I'd love to create a consortium of a dozen small theatres (100-150 seats) in 12 different cities. Each of these theatres would commit to producing 12 new full-length plays over the course of a year, each by a different playwright. One writer from each city. Each month, the plays would rotate to the next theatre.
The plays would be cast and directed using local actors. The casts and production elements would be minimal. Ideally, there might be a single team who designs all the productions, and the set and other design elements could be shipped from theatre to theatre. Marketing and design elements could be used in multiple productions (cutting costs again).
Another plus is that it would be easier to raise larger corporate sponsorships for a such a large, concerted effort.
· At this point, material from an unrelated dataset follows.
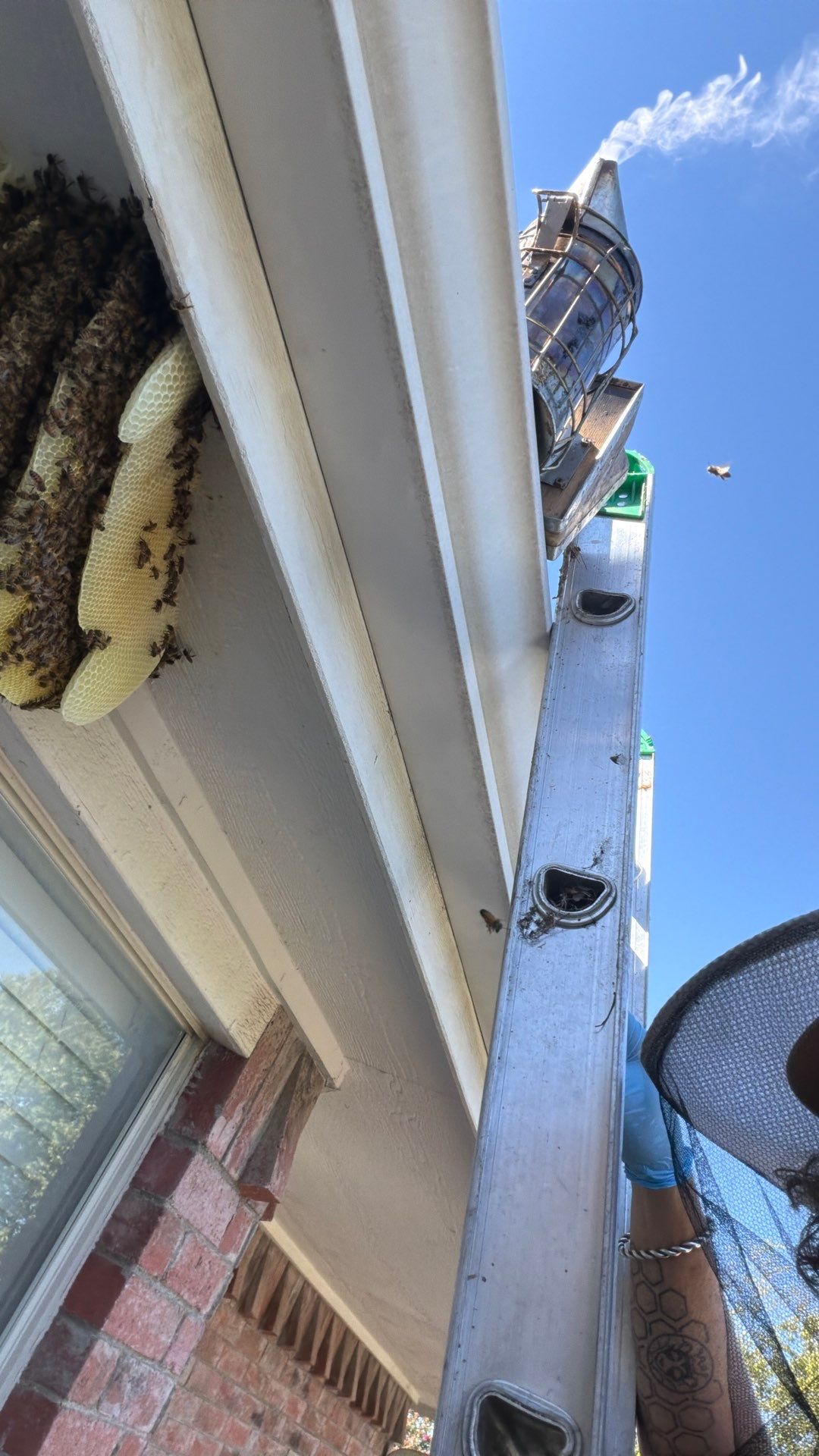 Open Air Colony in Rockwall, TX by Rockwall Honey Bee Company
This plan would have some powerful benefits for the 12 playwrights, in that they would receive royalties their play for an entire year. So let's say 60 seats sold, 4 nights a week, 48 weeks, $1/seat (5% of $20 tickets). That's $11,520. Not a living wage for an entire year, but a start. (Higher ticket prices would yield more $ for the writers, but I'm not a fan of super high ticket prices.) In addition, they (if they chose) could see 12 different professional productions of their plays, which would be immensely helpful in the development of the scripts into material that would be of interest to other theatres around the country. They're also exposed to audiences in a dozen different cities--very strong potential.
Cost savings for theatres on marketing, sets, design, might be significant.
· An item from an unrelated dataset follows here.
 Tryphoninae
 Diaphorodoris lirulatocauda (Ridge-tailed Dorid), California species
There are numerous reasons why this is likely to stay a fantasy. Some of them:
- How could you get 12 producers/artistic directors to agree on 12 different plays to produce? (Though really, you just have to say, each producer picks one play she loves, and everyone has to just agree to produce the whole set, even if the other eleven aren't all equally appealing.)
- Even with the cost savings, the economics of professional productions at small theatres is almost impossible (though I like productions at small theatres much more than big spaces. I don't believe that large theatres make much sense any more. A blog about this some other day.)
- Big systems tend to break down. What happens when one of the theatres goes belly up? Or one of the shows proves itself to be a big bomb?
- The production demands and cast sizes of the plays would have to be fairly limited, if the goal is to make sure everyone gets paid a living wage.